§ Task to carry out:
Set down all of the records below exactly, please, omitting the images.

§ Dataset excerpts:
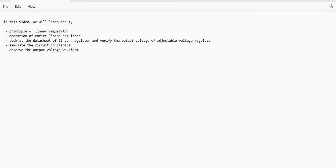Hello all. In this video we will talk about linear regulators. Linear regulator is one of the common regulators used in embedded circuits. If you talk about a low noise and low cost regulator, it is the linear regulator that embedded engineers prefer. We will talk about the basic principle and operation of the linear regulator, and then compare the output drawn in LTSpice with the datasheet values provided.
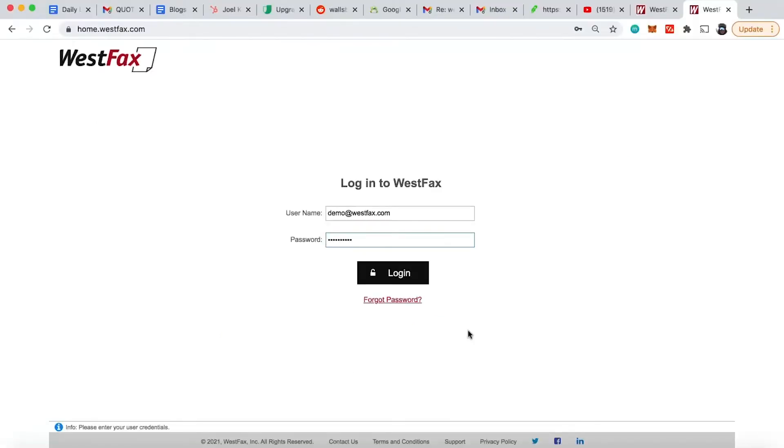Hi, this is Doug Klain with WestFax and today I'm going to demonstrate the WestFax fax portal. The first thing you're going to need is a WestFax account. If you don't have one, just head over to westfax.com, sign up for an account, and then come back here with your username and password. We're going to go ahead and log in.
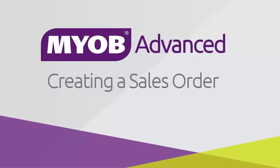Hi, this is Josh from MYOB. In this video we'll look at the process of creating a sales order in MYOB Advanced Business.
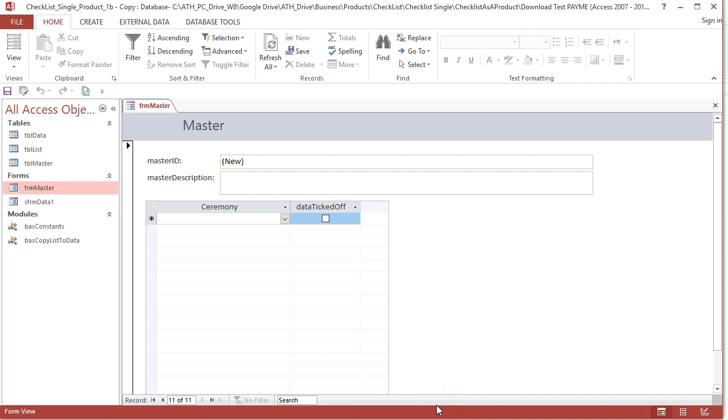Nifty Access: demonstration of a common data entry problem and a solution.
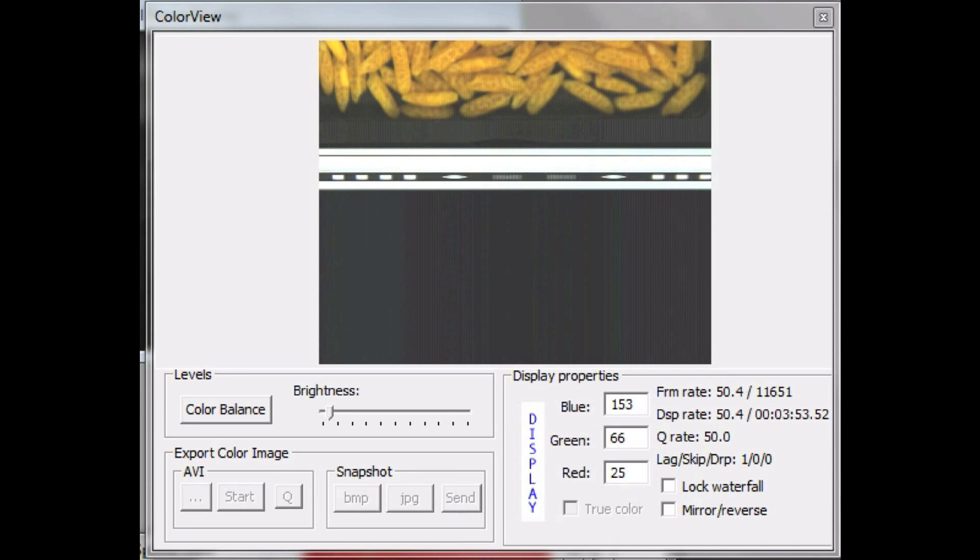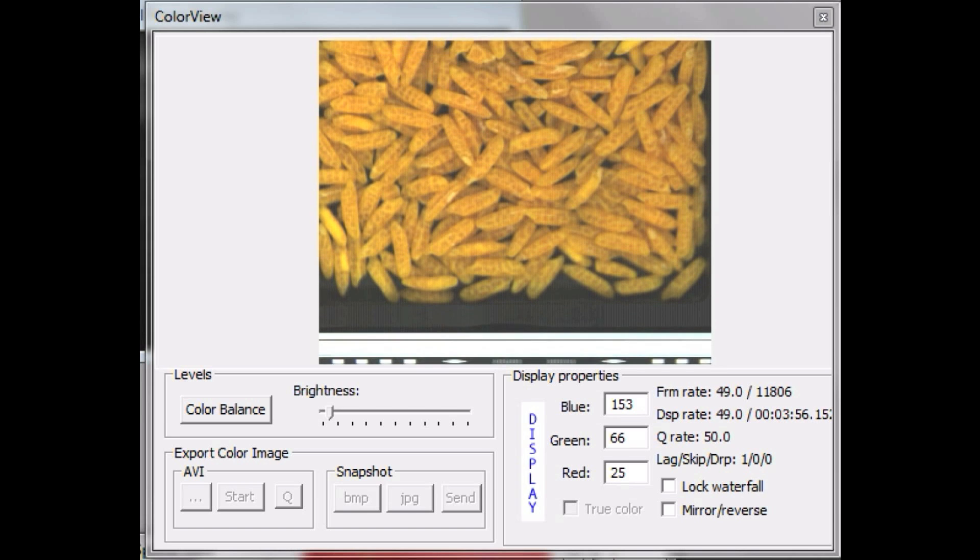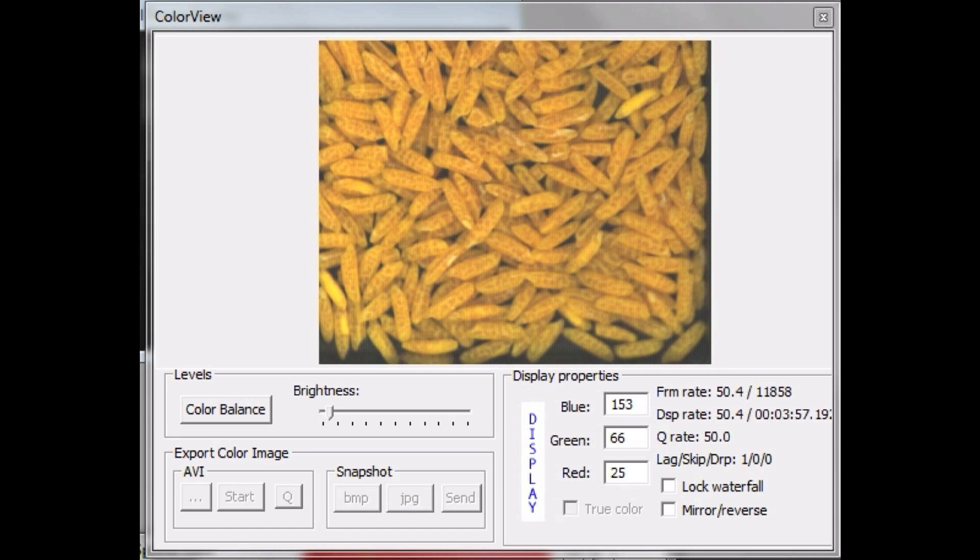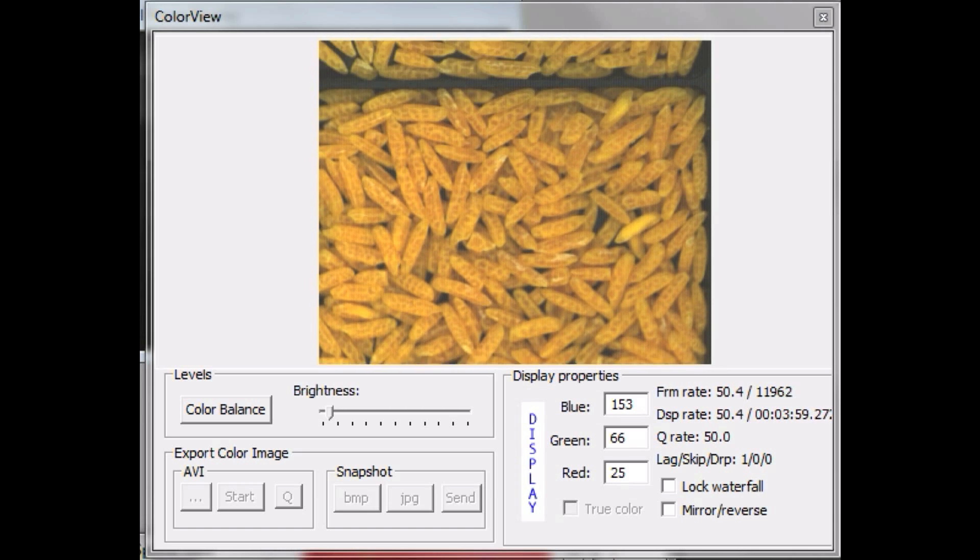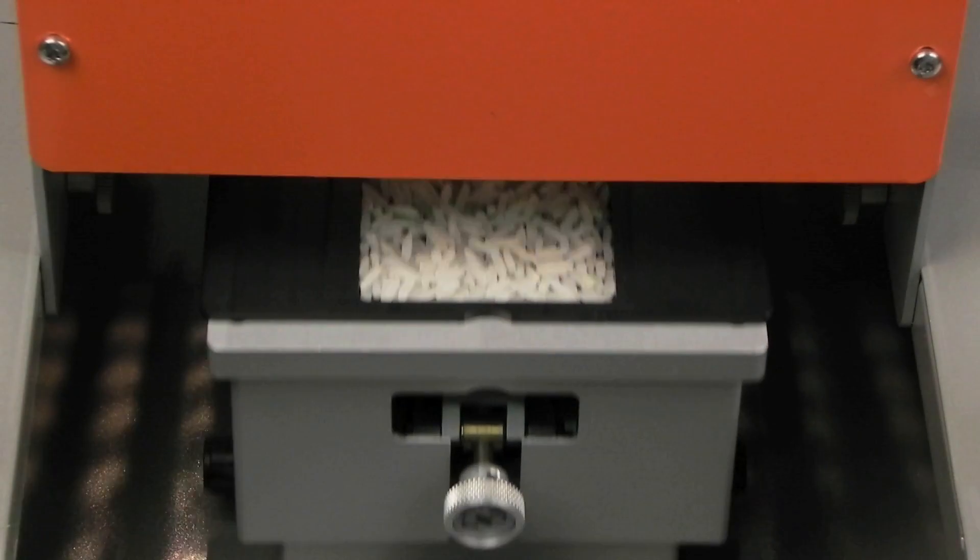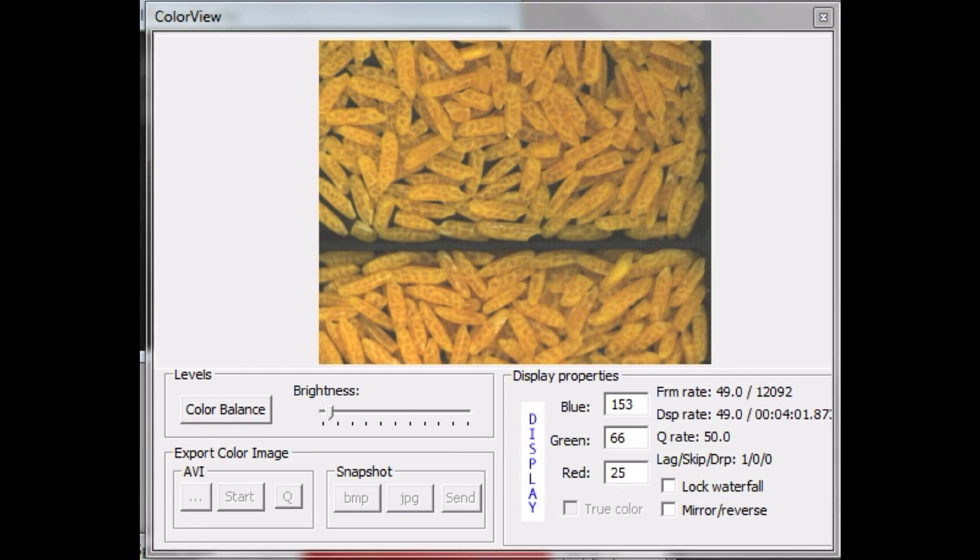Scanning automatically takes required dark and internal white reference images and scans the surface. You can monitor the scanning real-time on screen.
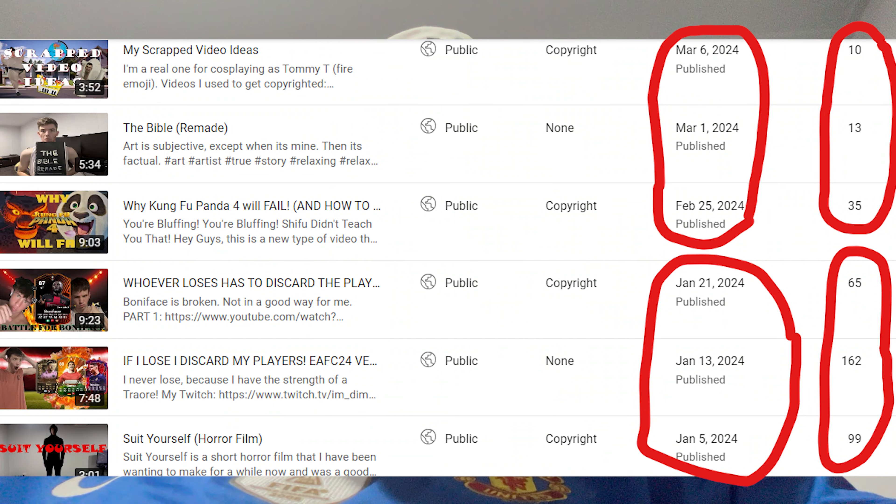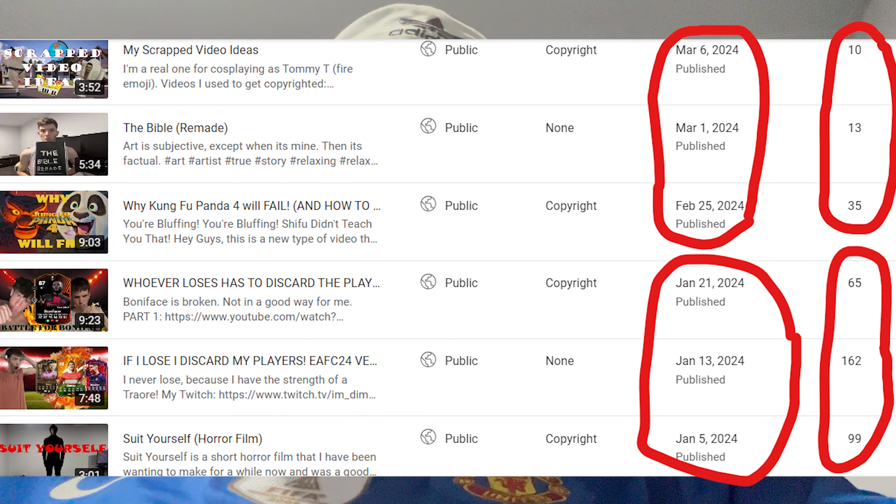The second most important thing you'll want to do is post consistently. As you can see from my channel here, I took a month's break and ever since then I haven't recovered from the stock market. The algorithm is against me, but we fight back. That's why I'm making this video in the first place.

§ Exercise result:
Hello all. In this video we will talk about linear regulators. Linear regulator is one of the common regulators used in embedded circuits. If you talk about a low noise and low cost regulator, it is the linear regulator that embedded engineers prefer. We will talk about the basic principle and operation of the linear regulator, and then compare the output drawn in LTSpice with the datasheet values provided.
Hi, this is Doug Klain with WestFax and today I'm going to demonstrate the WestFax fax portal. The first thing you're going to need is a WestFax account. If you don't have one, just head over to westfax.com, sign up for an account, and then come back here with your username and password. We're going to go ahead and log in.
Hi, this is Josh from MYOB. In this video we'll look at the process of creating a sales order in MYOB Advanced Business.
Nifty Access: demonstration of a common data entry problem and a solution.
Scanning automatically takes required dark and internal white reference images and scans the surface. You can monitor the scanning real-time on screen.
The second most important thing you'll want to do is post consistently. As you can see from my channel here, I took a month's break and ever since then I haven't recovered from the stock market. The algorithm is against me, but we fight back. That's why I'm making this video in the first place.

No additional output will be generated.